STORED DATA =>
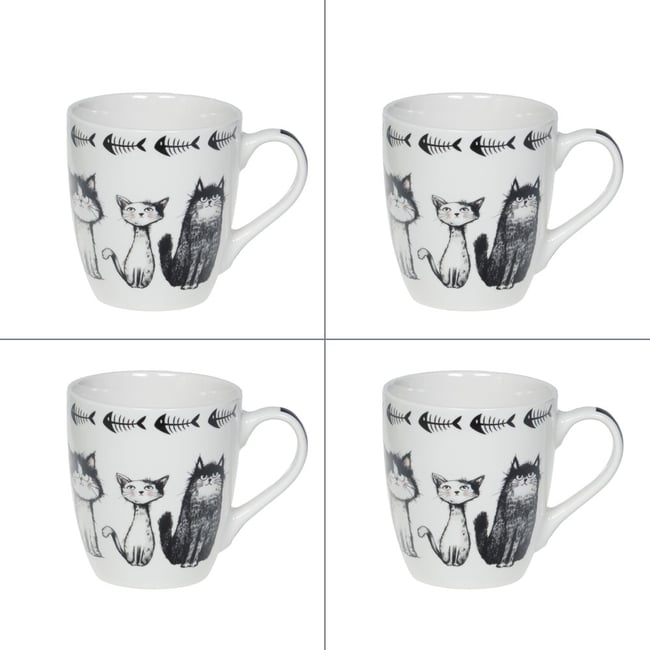 Coffret de 4 tasses Felix 23 cl Couleur noir <span itemprop=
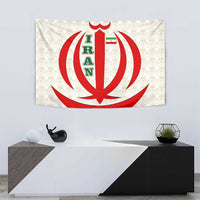 Iran Flag Pattern Tapestry with Bold Red National Emblem Design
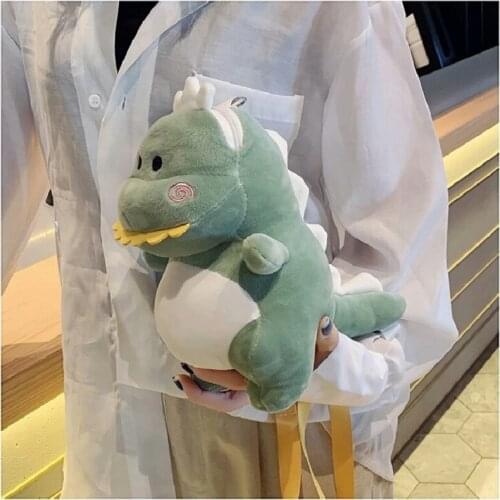 Cartoon Dinosaur Plush Backpack Bag Stuffed Animal Female Messenger Bag Baby Plush Toys Shoulder Bags Coin Purse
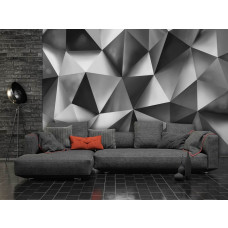 Een fotobehang met moderne geometrische 3D-vormen in een artistieke stijl.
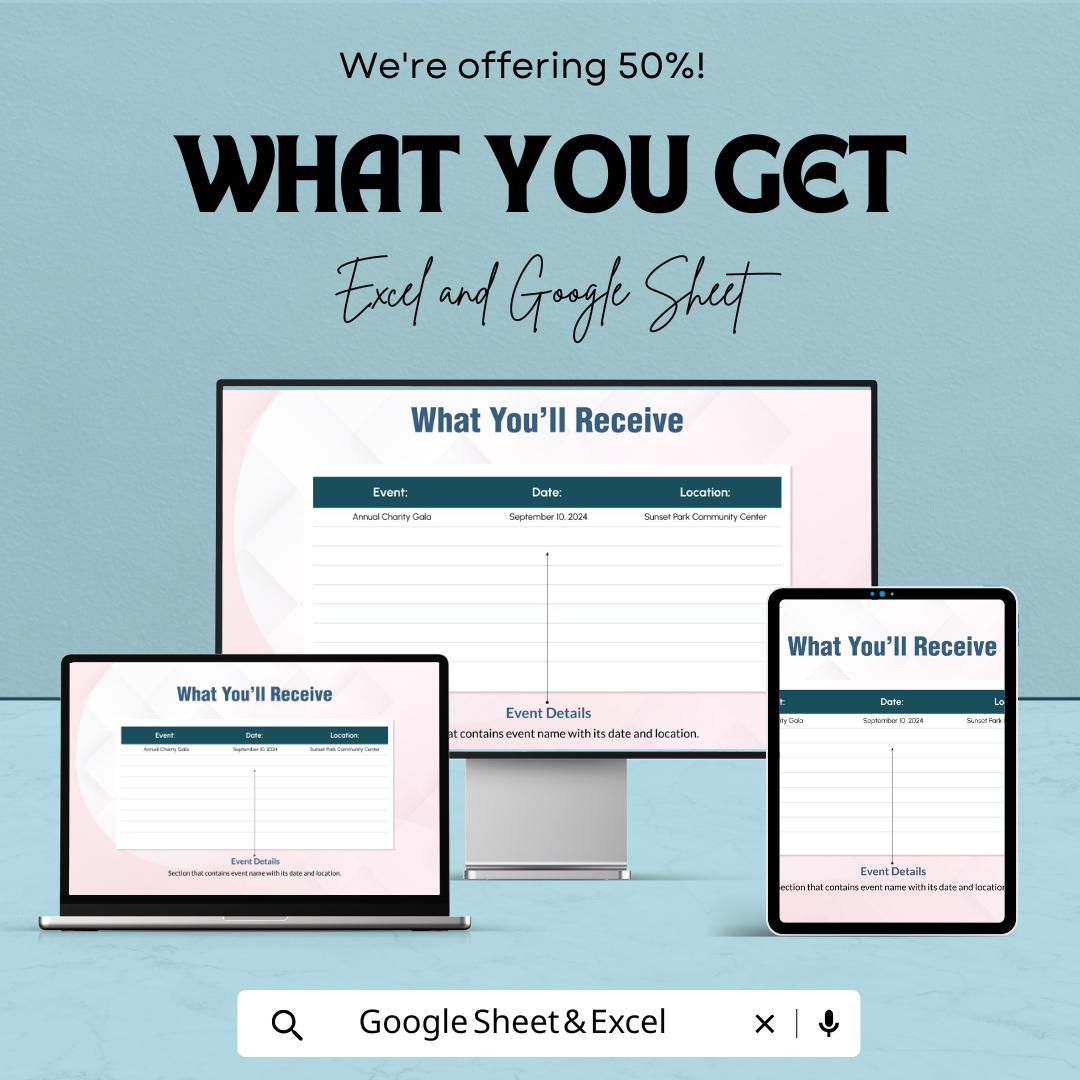 Event Sign Up Sheet Template | Event Registration Form | Attendance Tracker | Excel & Google Sheets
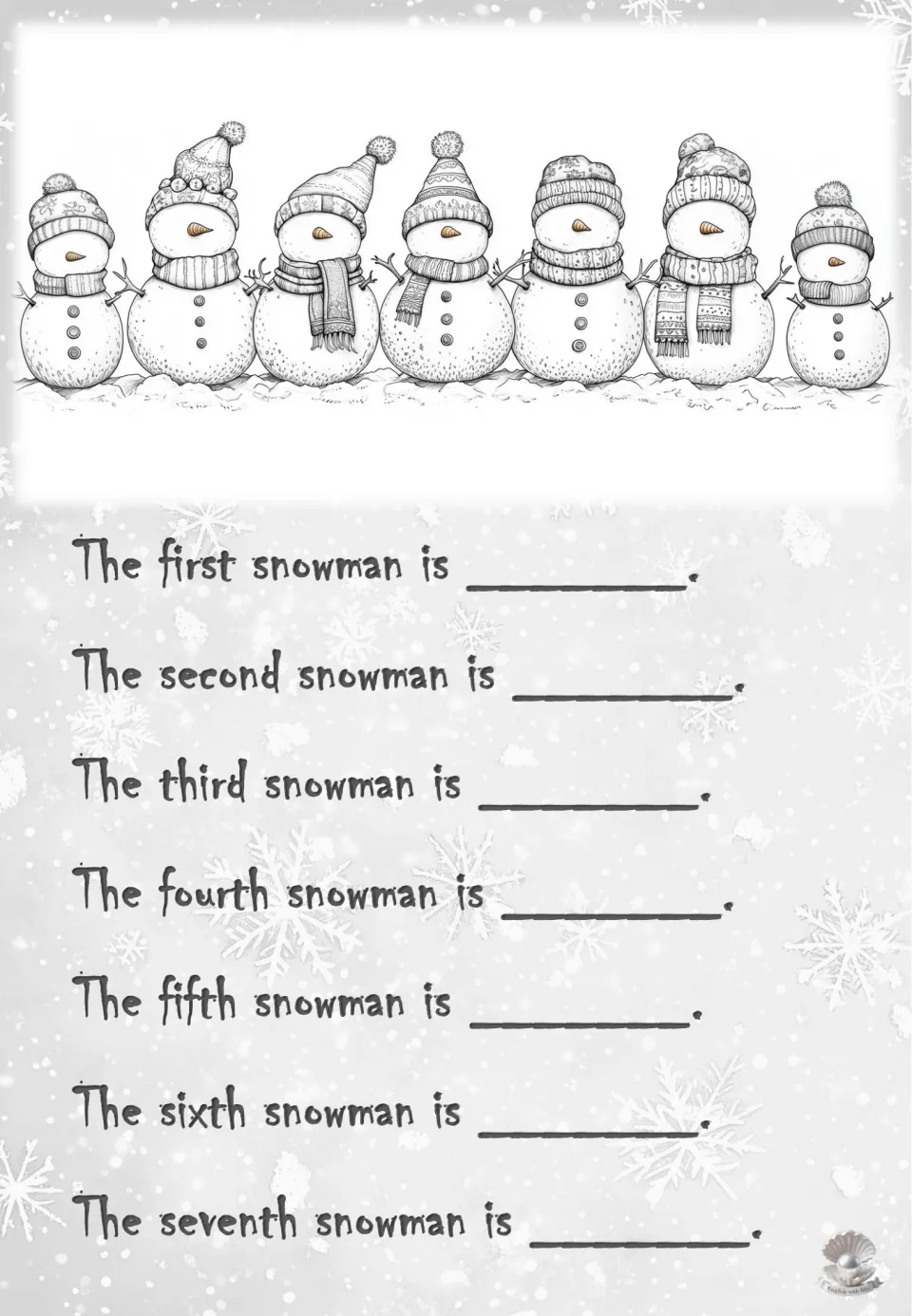 Ordinal numbers and feelings: seven faceless snowmen in hats and scarves with first to seventh sentences to complete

PROBLEM TO WORK ON => Your task is to reproduce the entries above word for word, from the first line through the line with "Event Sign Up", and please leave out any pictures.

RESPONSE BELOW =>
 Coffret de 4 tasses Felix 23 cl Couleur noir <span itemprop=
 Iran Flag Pattern Tapestry with Bold Red National Emblem Design
 Cartoon Dinosaur Plush Backpack Bag Stuffed Animal Female Messenger Bag Baby Plush Toys Shoulder Bags Coin Purse
 Een fotobehang met moderne geometrische 3D-vormen in een artistieke stijl.
 Event Sign Up Sheet Template | Event Registration Form | Attendance Tracker | Excel & Google Sheets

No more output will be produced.